John Lurie, saxofonista, actor e personagem carismática da “downtown” (inesquecível o papel de saxofonista assassino que desempenhou nesse filme paradigma da paranoia urbana que é “Os Viajantes da Noite”, de Amos Poe) recrutou-o para os Lounge Lizards. É o ponto de viragem na carreira do guitarrista que a partir desse momento não parou de ser visto na “Knitting Factory”, catedral de todas as vanguardas “downtown”, e solicitado para projectos de autores ligados a outras áreas musicais.

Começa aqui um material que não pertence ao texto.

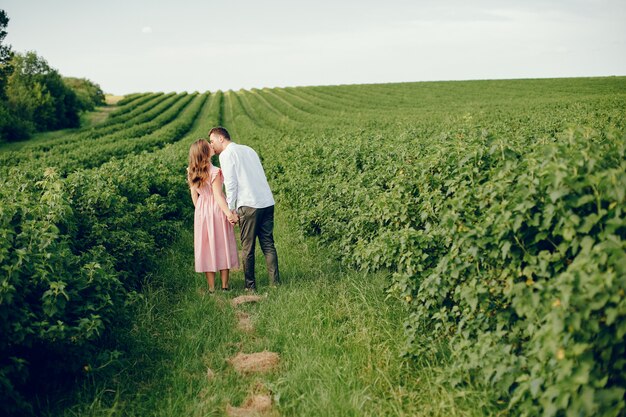 Beautiful couple spend time on a field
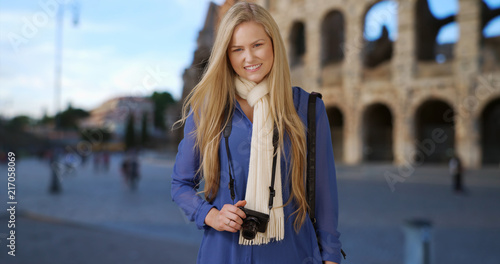 Smiling blonde female traveling in Rome enjoys her vacation © rocketclips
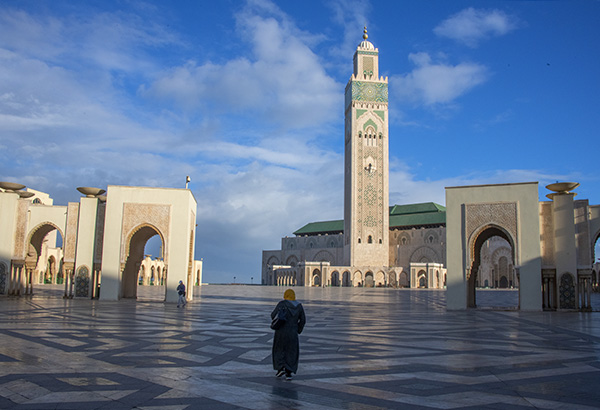 Foto Friday - people walking by a large minaret and mosque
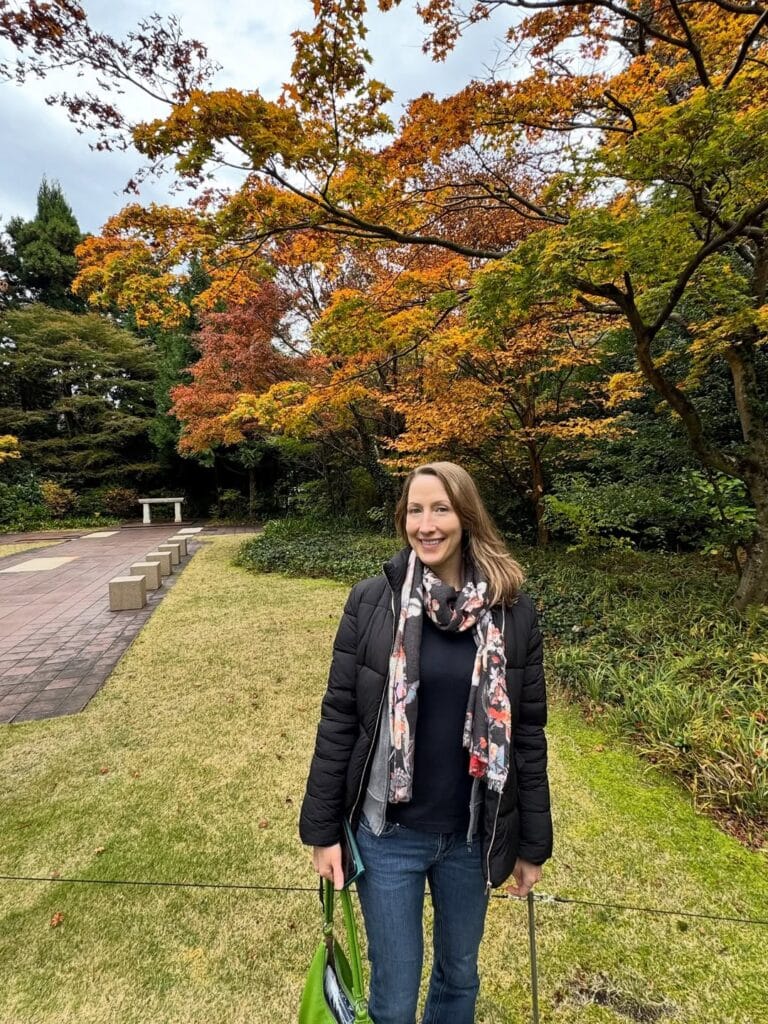 Erin Warner smiling in front of vivid orange and yellow autumn foliage at Hakone Open Air Museum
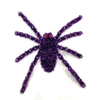 A purple tinsel spider decoration with red eyes, photographed against a plain white background.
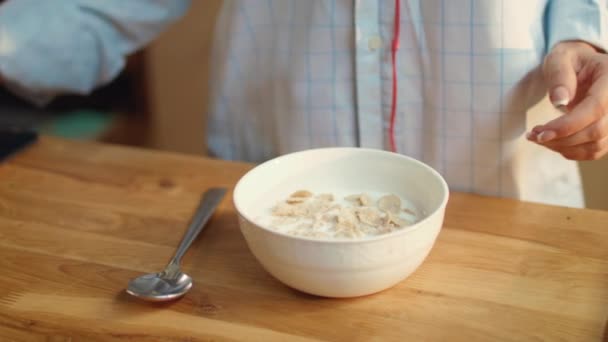 Mulher mãos derramando leite em tigela de flocos de milho. Mulher comendo cereais em casa . — Vídeo de Stock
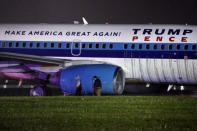 Men inspect a campaign plane that had been carrying U.S. Republican vice presidential candidate Mike Pence after it skidded off the runway while landing in the rain at LaGuardia Airport in New York, U.S.,October 27, 2016. REUTERS/Lucas Jackson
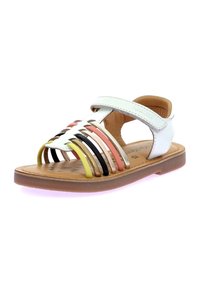 Sandalia blanca de cuero con correas de colores (rosa, amarillo, negro, dorado) y cierre de velcro. Diseño abierto con suela plana y texturizada.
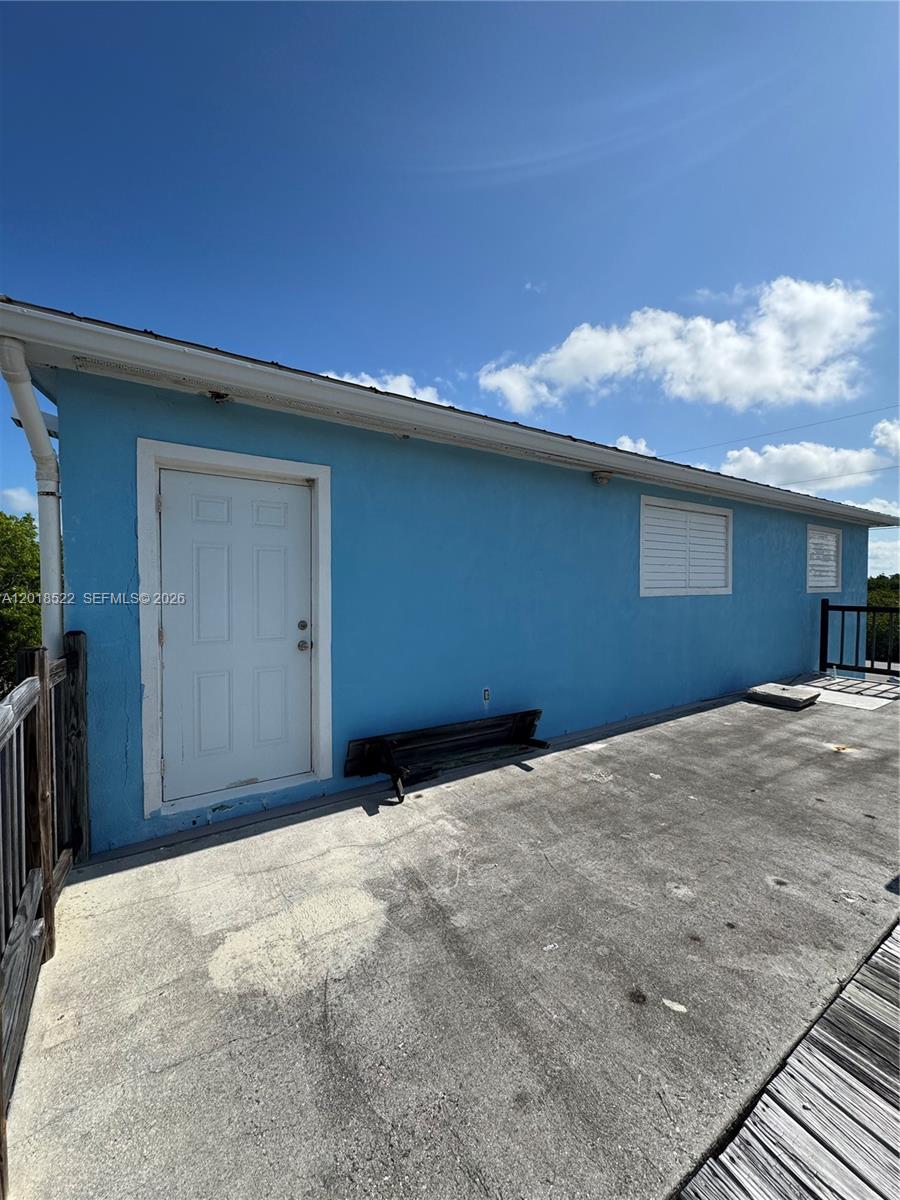 A blue exterior wall features a white door and two windows on a concrete deck — 4276 Dorn Road, Torch Key FL 33042, TORCH KEY, FL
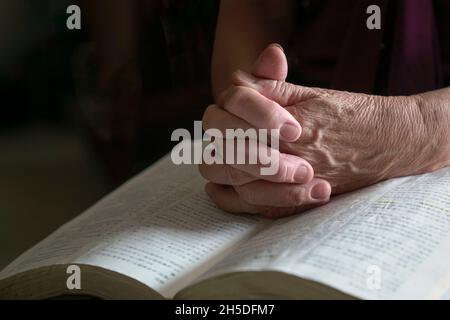 Nahaufnahme der älteren Frau Hände auf offene bibel, gefaltet im Gebet. Stockfoto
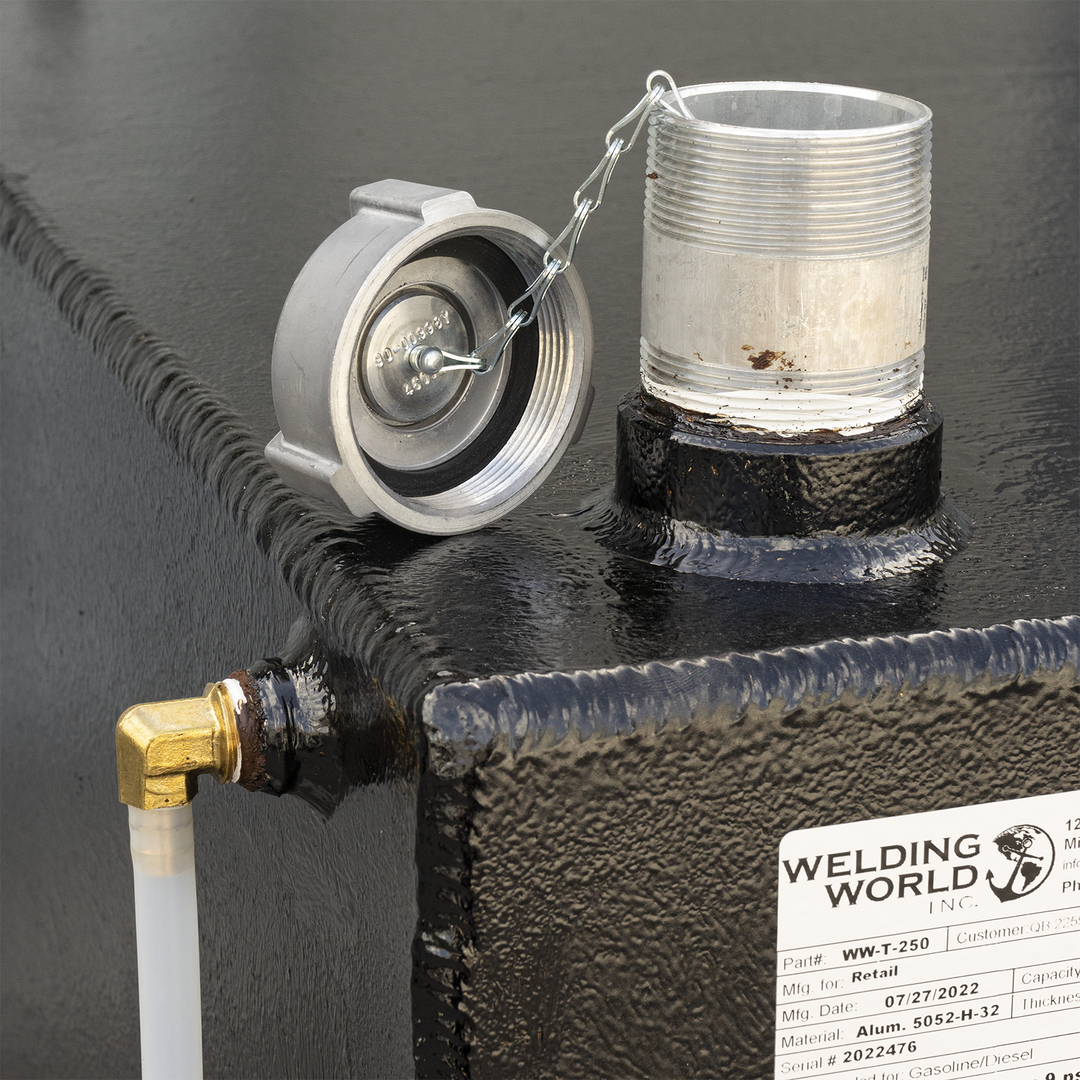 A close-up of a black, textured fuel tank with a silver threaded pipe and an attached cap via a chain on the top right. A white tube connected to a brass elbow fitting is on the top left. A white label from Welding World Inc. is visible on the side, showing details like Part# WW-T-250, Mfg Date 07/27/2022, Material Alum. 5052-H-32, and Serial# 2022476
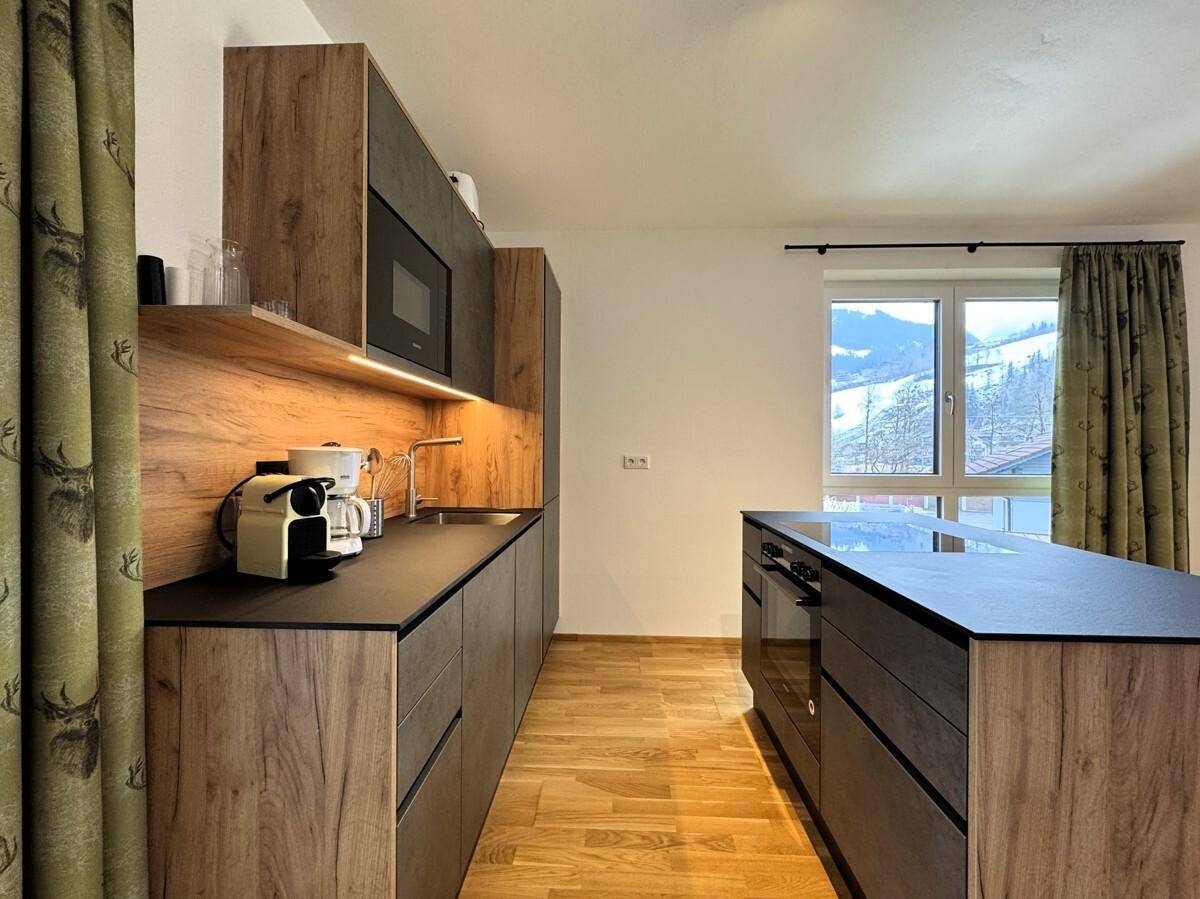 Moderne Küche mit Holz- und Anthrazitfronten, Kochinsel und Fenster mit Bergblick.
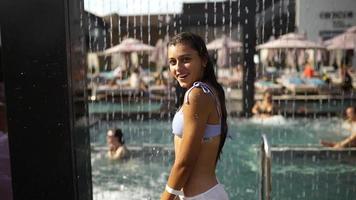 giovane donna nel costume da bagno assunzione doccia a acqua parco video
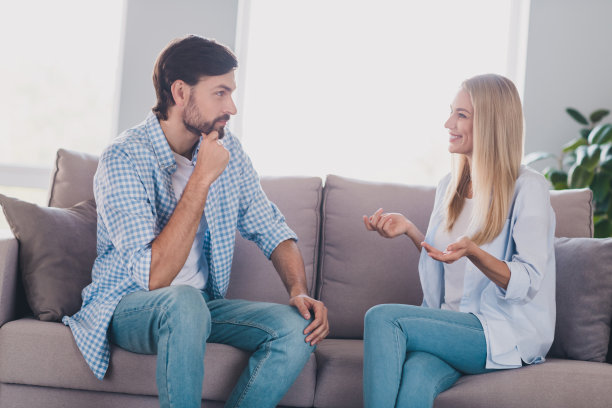 可爱的年轻情侣的个人照片，棕发男孩和金发女孩穿着白衬衫和牛仔裤，坐在室内的客房里。图片下载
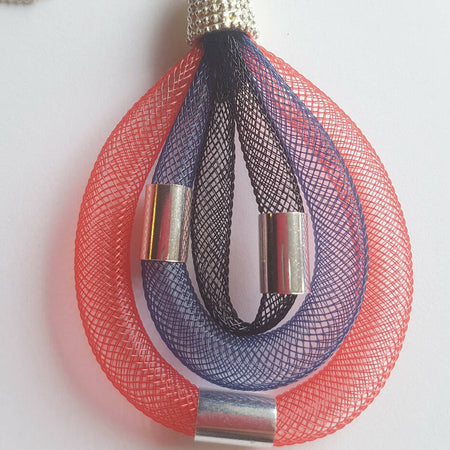 Pendant necklace. Nylon mesh with silver beads and chain.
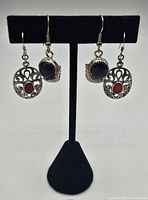 Front view of both pairs of earrings on black display stand showing red oval stone pair with silver filigree, and dark blue round stone pair with leaf design.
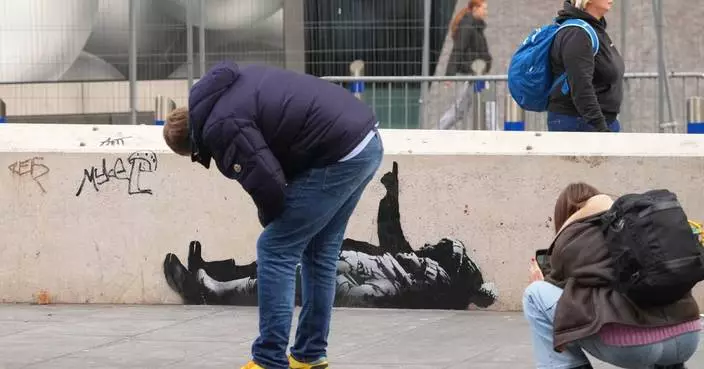 Banksy unveils new art in London following speculation over murals depicting stargazing figures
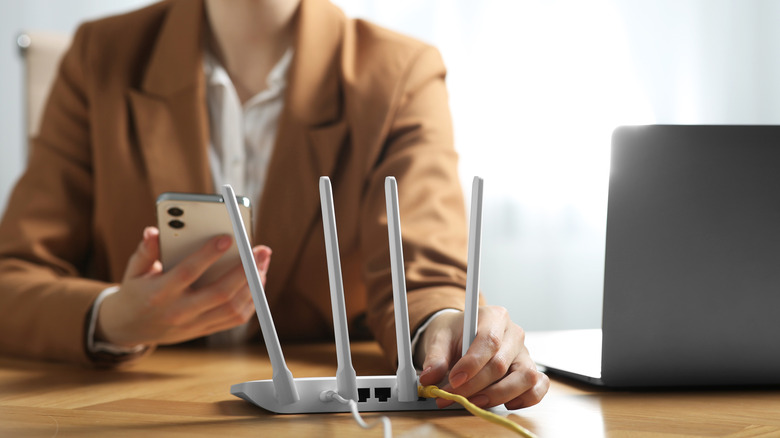 A person connecting an Ethernet cable in a router to use with a smartphone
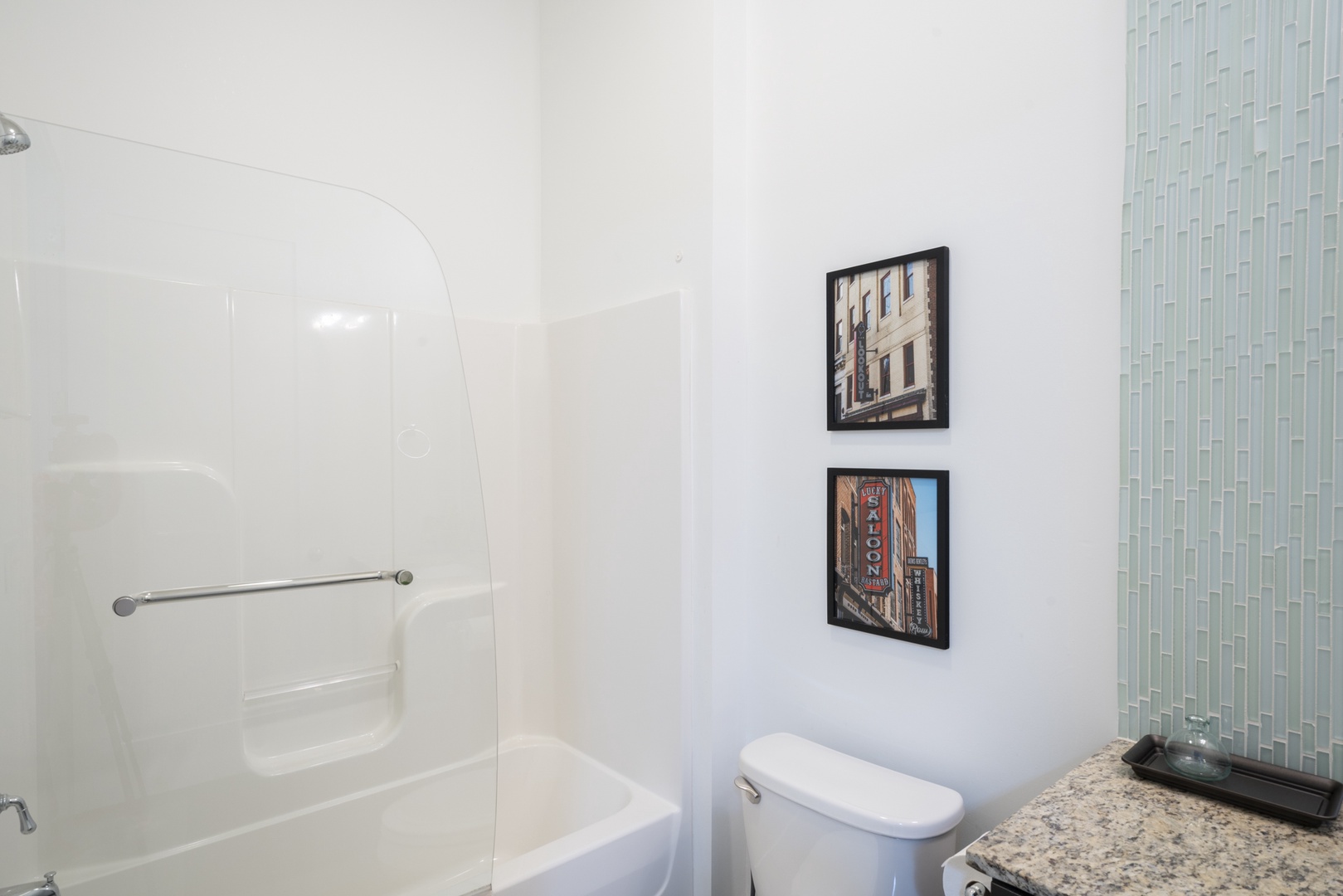 The full bathroom offers a large single vanity & shower/tub combo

Tom Waits convidou-o para participar nos álbuns “Rain Dogs”, “Frank’s Wild Years” e “Big Time”. Elvis Costello fez questão de o ter presente em “Spike”.
Empenhado na exploração de novas linguagens para a guitarra eléctrica ou electrificada – em paralelo com Fred Frith, Derek Bailey, Christy Doran, Elliott Sharp, Rhys Catham, Robert Musso, Arto Lindsay, Robert Quine, Caspar Brotzmann ou Bill Frisell – de modo a levar tão longe quanto possível as possibilidades desse instrumento, Marc Ribot integra desde 1987 os Jazz Messengers, de Roy Nathanson e Curtis Fowlkes, extensão bem-humorada dos Lounge Lizards.
Entre as actividades do guitarrista contam-se igualmente a composição da banda sonora para “No Sense of Crime”, documentário com realização de Julie Jacobs, e três canções de parceria com Roy Nathanson sobre poemas de Allen Ginsberg – “To aunt Rosie”, “The shrouded stranger” e “The end”, incluídas na produção de Hal Wilner, “The Lion for Real”, dedicada aquele que foi um dos profetas da geração “hippie” norte americana.
Marc Ribot participa ainda numa lista extensa de álbuns, com destaque para “Pieces for Bandoneon” e “Il Piccolo Diavolo”, ambos de Evan Lurie, irmão de John Lurie, o segundo banda sonora do filme com o mesmo título realizado por Roberto Benigni, “Cynical Hysterical Hour”, de John Zorn, “Surprise”, de Syd Straw (Golden Palominos), “Mystery Train” de John Lurie e “Lust”, dos Ambitious Lovers, além próximo disco de Marianne Faithfull, ainda sem data de edição.
Acompanham Marc Ribot, na sua vinda a Portugal, os três músicos que formam o grupo Shrek: Jim Pugliese (composição nas áreas da música microtonal e do jazz; colaborações com John Zorn, Anthony Coleman e Bobby Previte, Solista da London Sinfonietta), em percussão, Roger Kleier (gravações e concertos com Zeena Parkins, David Moss e Stan Ridgway), segundo guitarrista, e Sebastian Steinberg (tocou com Syd Straw, Zeena Parkins, John Zorn e Elliott Sharp), no baixo. Sons da cidade de néon. Esta noite, em Lisboa. A não perder.